Cuckoo Hashing とは、ハッシュテーブルの構造の一種である。
カッコウ(Cuckoo)には他の種類の鳥の巣に卵を置き、元々あったその鳥の卵は破棄するという習性があるが、
命名はそこから来ている。
まず、一般的なハッシュテーブルの作り方を考える。
8個の要素まで格納できるハッシュテーブルの作り方として、任意の整数 x を格納する場合を考える。
0から7までの整数を返すハッシュ関数H(x)を用意し、その値のインデックスの位置に x の値を格納すればよい。
すでに埋まっている場合は、ハッシュテーブルのサイズを倍にして、テーブルデータを作り直した後、ロジックを繰り返せばよい。
Cuckoo Hashing
Cuckoo Hashing では、2つの独立した8個までの要素を格納できるハッシュテーブルを用意する。
このハッシュテーブルには16個までの要素を格納できる。
一つ目のテーブルには0から7までの整数を返すハッシュ関数H1(x)を使い、二つ目のテーブルには0から7までの整数を返すハッシュ関数H2(x)を使う。
まず、H1(x)、H2(x)は異なるものを使い、同じxを与えたときに衝突がないようにしておく。
追加時のロジック
まずH1(x)を計算し、一つ目のテーブルが埋まっているか調べる。
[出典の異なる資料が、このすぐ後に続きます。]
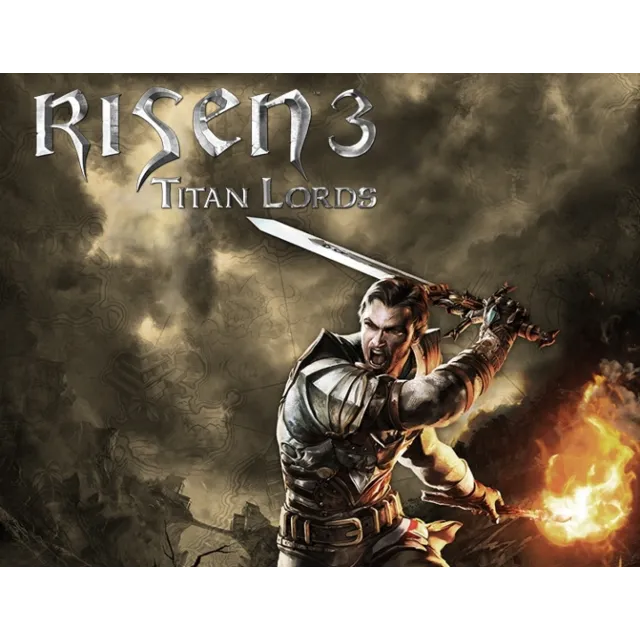 Risen 3 Titan Lords Стандартное издание (steam)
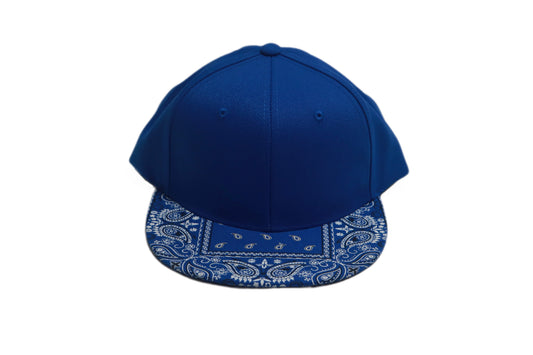 LOWLOW STREETWEAR Royal blue bandana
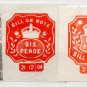 (I.B) QV Revenue : Bill or Note Collection (separate date plugs)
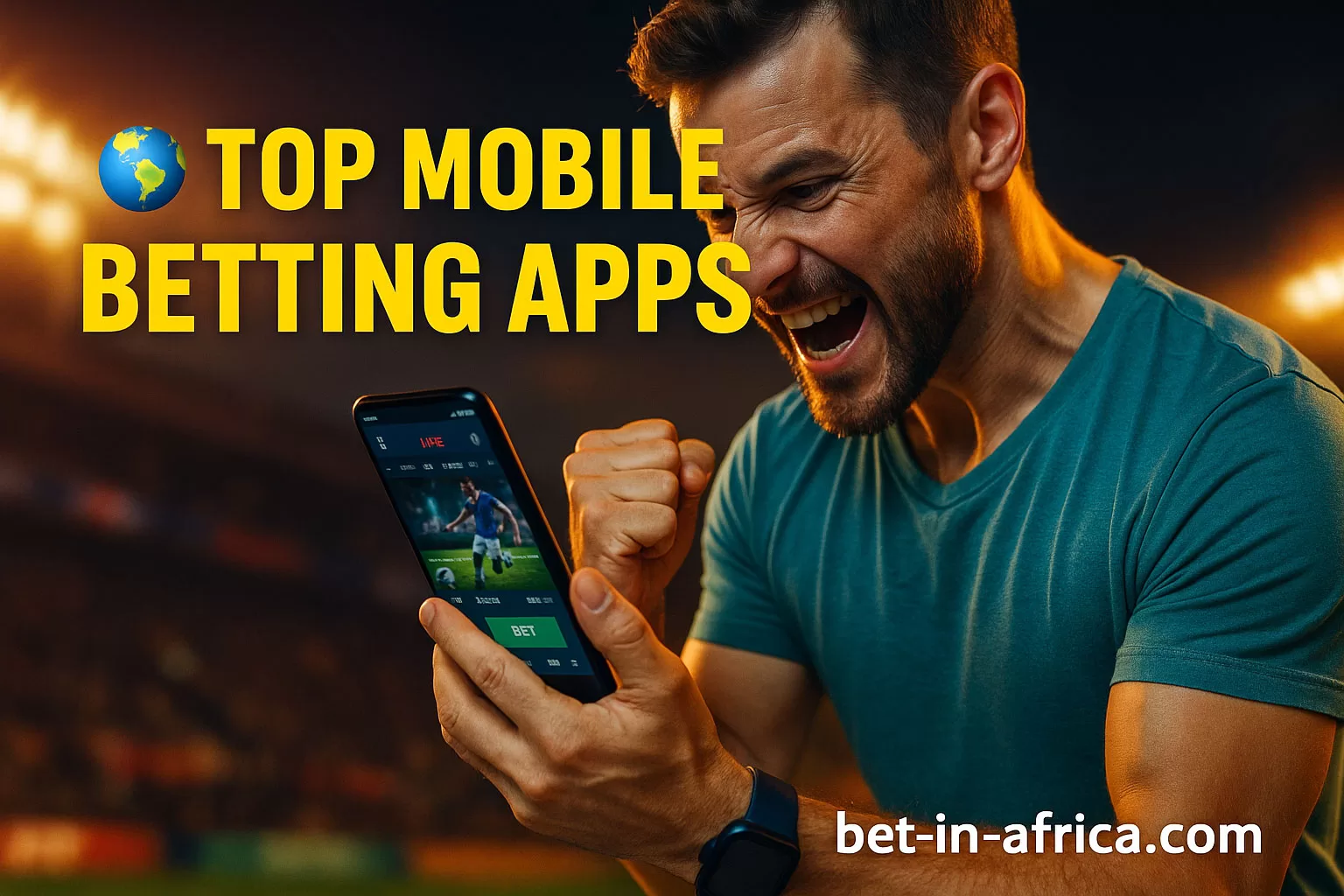 ๐ Top Mobile Betting Apps by Country 2025 โ Kenya, Uganda & Congo Edition
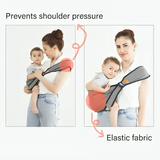 50% RABATT TEMPORÄR| ComfiCradle™ | Eine Babytrage, die sich wie eine Umarmung anfühlt!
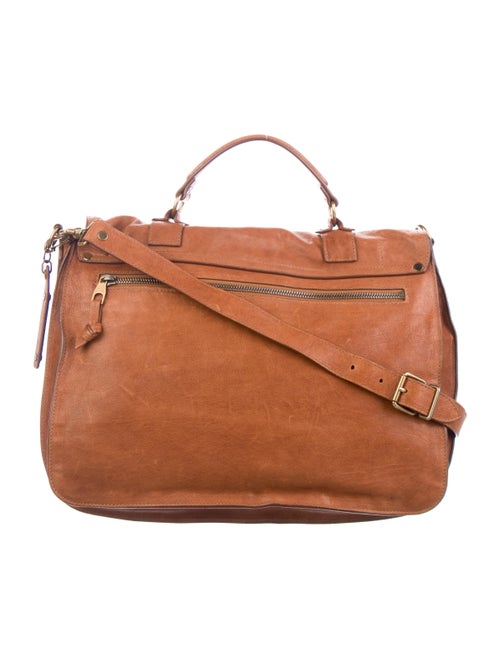 Proenza Schouler Leather embellished shoulder bag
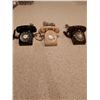 Image 1 : 3 Rotary Phones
埋まっていなければ、その位置に格納する。
埋まっている場合はH2(x)を計算し、二つ目のテーブルが埋まっているか調べる。埋まっていなければ、その位置に格納する。
二つ目のテーブルが埋まっている場合は、すでに入っている値を取り出し、空いた位置に格納する。
取り出した値yでH1(y)を計算し、一つ目のテーブルが埋まっているか調べる。埋まっていなければ、その位置に格納する。 埋まっている場合
は入っている値を取り出しその位置に格納する。取り出した値zでH2(z)を計算して二つ目のテーブルが埋まっているか調べる。以下繰り返し。
検索、削除時のロジック
まずH1(x)を計算し、一つ目のテーブルに値があるか調べる。空の場合は、H2(x)を計算し、二つ目のテーブルにあるか調べる。
どちらにもなければ、なしとみなせる。
Cuckoo Graph
上記の追加ロジックによると、要素を玉突きのように、追い出して追加するようなケースが発生することが分かる。
この玉突きの様子に線を引きグラフのように見立てる。一つの要素からのグラフがその要素に戻るケースが発生する。これをループと呼ぶ。
だが、ループが2つ以上存在するケースは存在しないことが分かる。
Cuckoo Cycle
Cuckoo Cycle とは、2つのテーブルのグラフにおいて、任意の長さのループを作る操作のことである。
Cuckoo Hashing での要素を追加していくときに、一つの要素を追加する際にループができることがある。
この操作が任意の長さのループを求めるアルゴリズムとして使える。
この任意の長さのループを求めるという計算が grin の Proof Of Work として、利用されている。
ループを求めるには、そのサイズの要素の全てを保持するメモリが必要となることが分かる。
またループになっているかどうかは少ない計算量で確かめることができる。